By Stacy Finz | SFChronicle.com
One Square mobile application: free. The credit card reader to go with it: free. The technology to process MasterCard, Visa, American Express and Discover cards on a smart phone or iPad: priceless.
Square, the San Francisco startup, recently raised $100 million to change the way people handle business transactions. Now, anyone from a cab driver to a house-call doctor to a produce purveyor at the farmers’ market – even a couple holding a yard sale – can accept payments on their mobile devices. The technology is a boon for many fledgling entrepreneurs – particularly small and mobile food businesses – who found the traditional way of processing credit cards either cost prohibitive or unfeasible.
It all started in 2009. Jack Dorsey, one of the founders of Twitter, was talking to his childhood friend, Jim McKelvey, a glass blower who had just lost a $2,000 sale on one of his sculptures. A woman had walked into his St. Louis shop, fell in love with the piece and wanted to buy it. She could only pay by credit card. McKelvey was set up to only take cash. So, he kissed his big chunk of change bye-bye.
The two men commiserated over their smart phones. Then McKelvey and Dorsey, a software engineer, had an epiphany. Why not invent an app that accepts payments on an iPhone, iPad or Android phone? They went into business.
“We have fully functional computers in our pockets,” said Keith Rabois, Square’s chief operating officer. “It’s transforming every industry. Why not the way we make payments?”

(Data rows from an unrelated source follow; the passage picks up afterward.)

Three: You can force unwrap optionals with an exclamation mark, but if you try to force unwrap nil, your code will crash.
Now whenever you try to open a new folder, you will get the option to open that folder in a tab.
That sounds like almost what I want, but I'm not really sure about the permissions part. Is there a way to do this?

Once the free application has been downloaded, a reader is mailed to the recipient (it can also be purchased for $9.95, with a $10 rebate, at Apple, Radio Shack and Best Buy stores). The little gizmo plugs into the headphone jack of a smart phone or iPad and is used to swipe credit cards.

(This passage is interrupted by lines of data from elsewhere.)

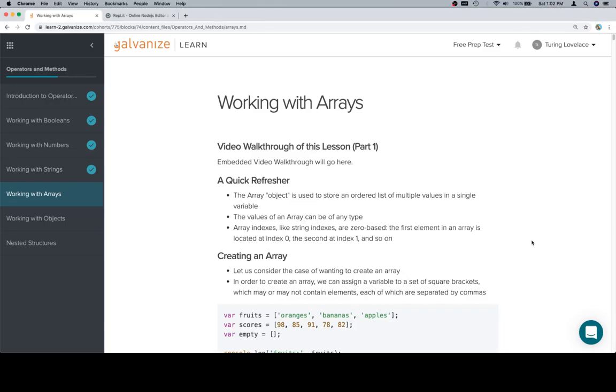Hey everybody, welcome back. This is working with arrays, and this is going to be part one in the operators and methods unit.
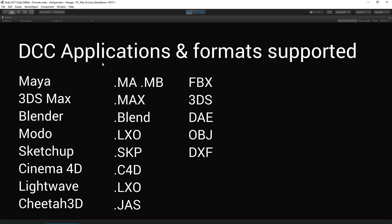Generally we recommend FBX as it has some distinct advantages over both the DCC and proprietary files. Namely that it's modular and portable and it doesn't require the host DCC application. Its advantages over other interchange formats are that you can embed textures and we now support animated lights,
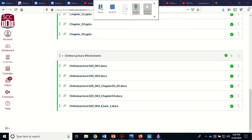This is a video for Astronomy 320. This is going to be review for the exam, which will be on Thursday, July 2nd, and then we'll cover just a little bit more material that will also be on that exam.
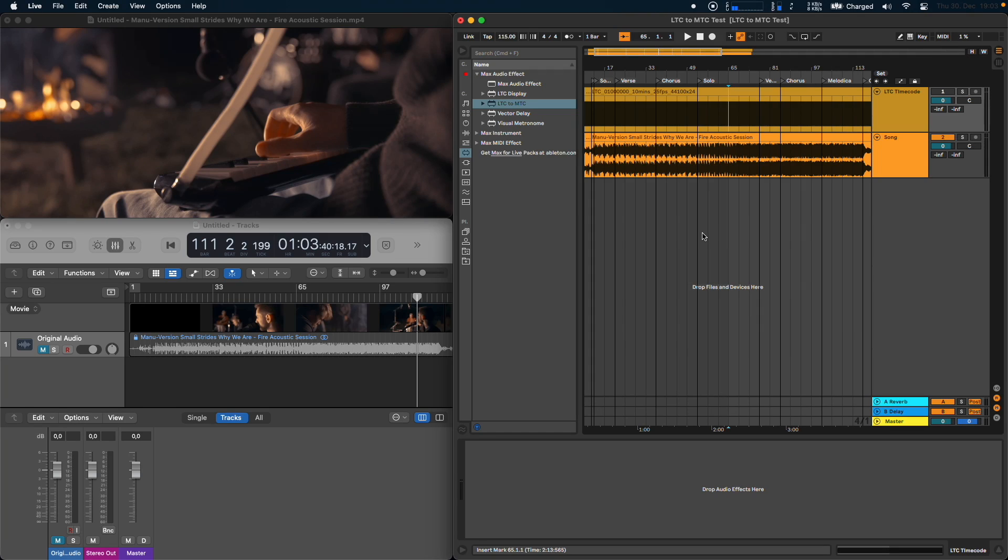Hey this is Leo and in this video I want to show you how to synchronize Logic Pro to Ableton using the LTC to MTC plugin.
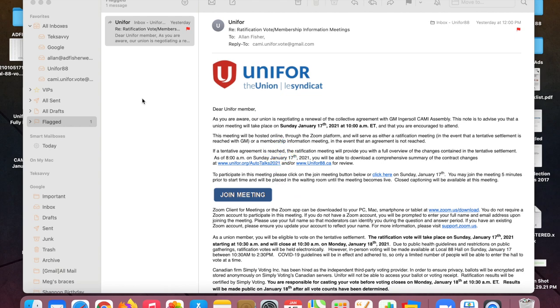Good morning Local 88 members. We've been playing with the Zoom link in the email that everybody got and there's a few things we've noticed that we wanted to share.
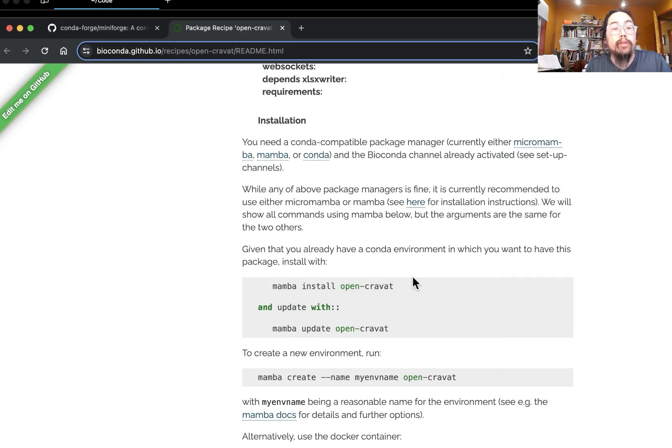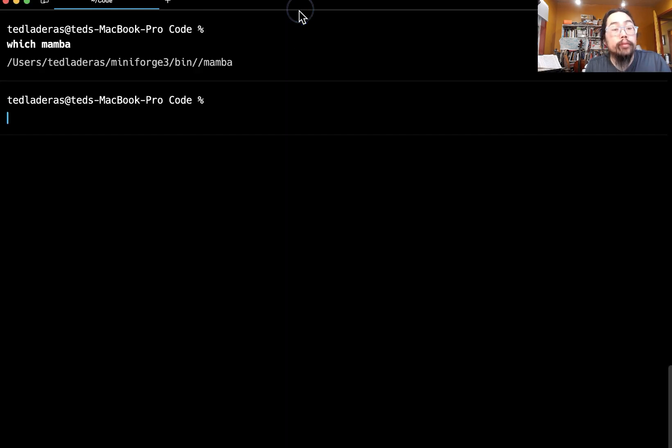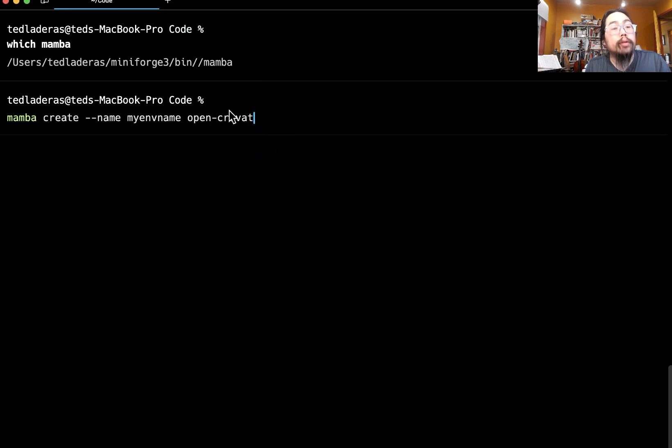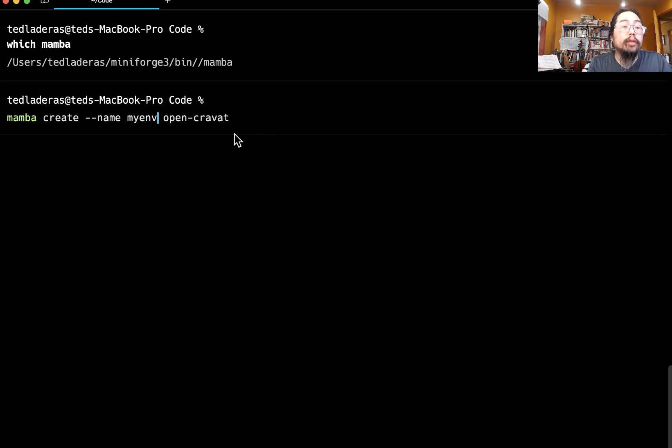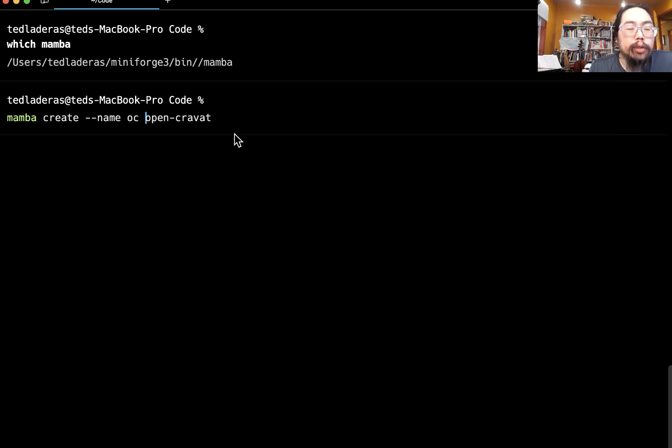So remember, it's going to be this mamba create dash name. So let's do that. So I'm going to name this environment OC. So again, this is going to create the environment and it's also going to install open cravat into it.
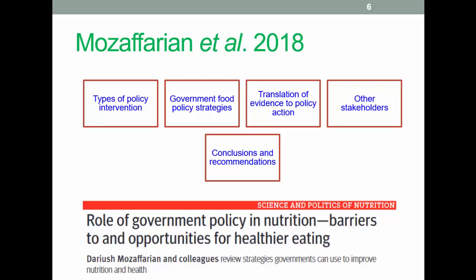Moving on to the role of government: there's an article linked through the image on screen and also available on Blackboard, and linked in the notes for this presentation. The article is not structured like a standard paper, but has several sections. For now we'll focus on the broad definitions the authors use. You can read the paper for more detail — click on the image or use the link in the notes.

Since Square was founded in 2010, the company has shipped 750,000 readers to merchants and wannabe merchants. About 65 percent of the businesses using Square are mobile in some way, Rabois said. About half the transactions are made with debit or credit cards.

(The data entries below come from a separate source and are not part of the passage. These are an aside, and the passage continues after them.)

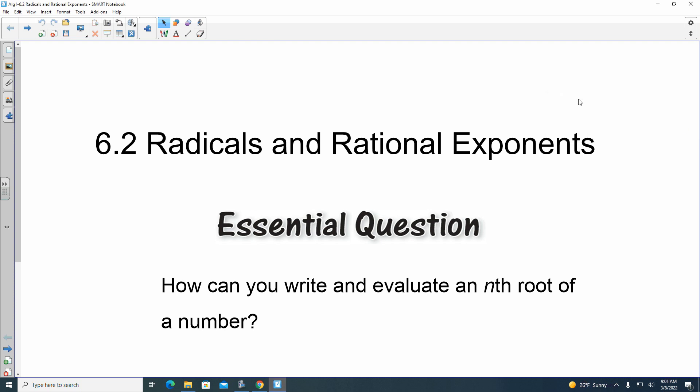Hello! Welcome to the video. In this lesson, we're looking at section 6.2, where we're looking at radicals and rational exponents.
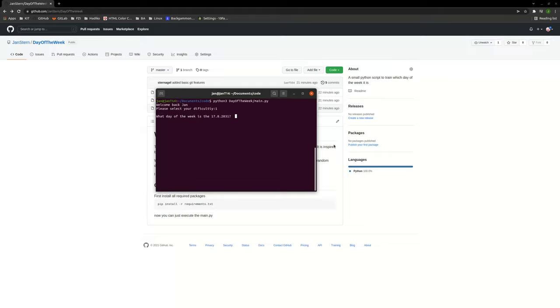So then you're gonna calculate in your head and just put it in. You can either go with just a number, 0 for Sunday, or you can just write Sunday or just sun or just SU, everything works.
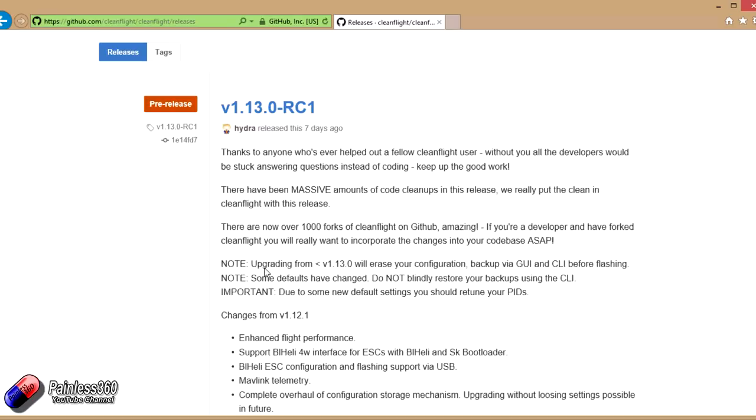You either have to back up your configuration and then restore it once the upgrade's complete, or you have to just remember how the settings were, and once the configuration is complete and done and the upgrade's finished, then you just go back in and you kind of select the receiver type you have and all the other bits and bobs to get it working again.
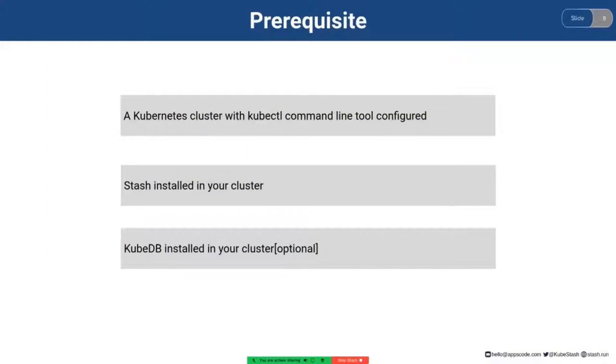Let's see the prerequisites for backup and restoring the PostgreSQL database.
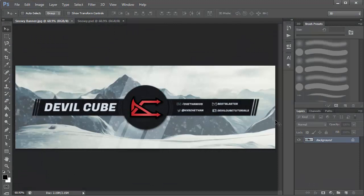Welcome back, hope you're all doing well. This is Chetan here from Double Cube. Today's tutorial we're going to be taking a look at how to create a snowy banner in Photoshop. We're going to be learning to use the oil paint effect, a little bit of layer styles, and a different technique to put in your social media links. It's a fairly simple tutorial, so let's get to it.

“The old – archaic – way, you needed some sort of a land phone line,” he said. “With our way all you need is Wi-Fi or 3G.”
Square, which is working with Chase bank, cuts and mails a check to the seller just hours after a transaction is made and takes a 2.75 percent cut, Baynes said. As of August, the company was processing $4 million in payments a day, and it estimates that by the end of the year it will have done a total of $2 billion. With that kind of volume, it has been able to work out a deal with credit card firms to charge merchants a flat fee for accepting MasterCard, Visa, American Express and Discover, Baynes said.
Typically, credit card companies base their fees on the credit rating of the merchant. Some, such as American Express, have been known to be more expensive than the rest. Sometimes the cost is too much for a new business.
“To rent the terminal alone was going to cost me $40 to $50 a month,” said Maricar Lagura, co-owner of Spin City Coffee, which opened in San Francisco’s Noe Valley neighborhood a little more than a year ago. “Our place is really small. We didn’t have a budget for anything, and were pretty much running on hope and prayer.”
Lagura and her partner had decided to be a cash-only business until a Square representative contacted her. Lagura said he didn’t have to get too far into his sales spiel.
“He had me at ‘free,’ ” she said.
Now, credit card sales are 35 to 40 percent of her business, she said, adding that she plans to use Square when she puts her coffee truck on the road next year.
“It’s a no-brainer,” said Lagura, who also uses Square Register on her iPad, a full point-of-sale system that includes inventory tracking and ways to publicize her menu and location information. “This is going to change the world.”
Venture capital firms agree. Kleiner Perkins Caufield & Byers, Sequoia Capital and Khosla Ventures are key investors in the startup, which is headquartered in The Chronicle building.
Over the summer the company introduced Square Card Case, a mobile app that enables customers to start tabs with local merchants, store digital receipts and search nearby Square food businesses and their menus.
“The ultimate goal is to reinvent both sides of the counter,” Rabois said. “We want to create a system in which making and receiving payments is less like going to the dentist.”